In a rare leading role, Michael Pena (fresh off American Hustle) shines as the title character. He portrays Chavez as a much more subdued leader, with nuances of self-doubt. For all intents and purposes, it works. It’s much easier to appreciate Chavez as a full-rounded human being than as a larger-than-life martyr. Pena also casts a light on Chavez’s intelligence, which really became the key to his success. This was a man who fought with his mind and used thoughtful nonviolent tactics to bring attention to his causes. Chavez also delivered some amazing speeches (fully documented here) and had a knack for uniting cultures with his words.
Cesar Chavez’s supporting cast deserves high marks as well. Rosario Dawson perfectly captures the fiery spirit of Chavez cohort Dolores Huerta and America Ferrera adds a nice depth as Cesar’s wife Helen. Newcomer Eli Vargas has several memorable scenes too, playing the distant son of the Chavez family.
Perhaps the only critique of the film is with its so-called “villain.” Veteran actor John Malkovich is certainly engaging onscreen, but his over-the-top grape grower character can feel a little too cartoonish at times.

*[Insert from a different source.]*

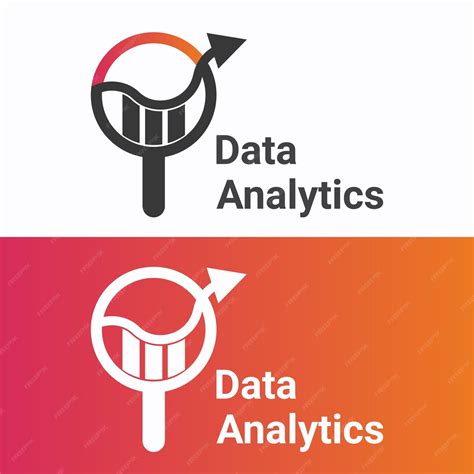 Image result for Python Data Analytics Logo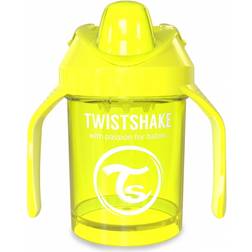 Twistshake Taza Con Asas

As you can imagine, Chavez made many powerful enemies once he convinced the United Farm Workers to go on strike. Malkovich appears to be an amalgam of every rotten businessman rolled into one.
Several historical figures make their way into the movie too, including Robert Kennedy and, via stock clips, Ronald Reagan and Richard Nixon. There is an amazing attention to detail when capturing the look and feel of old school California. The clothes, the sets, the cars…Luna’s production team did a fantastic job emulating the different time periods.
Yet the lion’s share of Cesar Chavez’s success lies with Diego himself. As a director, he’s got a great visual eye and was able to bring out some amazing performances from the cast. He also kept things very lean, pacing the movie well and inter-splicing real historical footage between scenes.
Cesar Chavez isn’t just a good movie, it’s an important movie. And we definitely recommend seeking it out in theatres when it arrives on March 28th.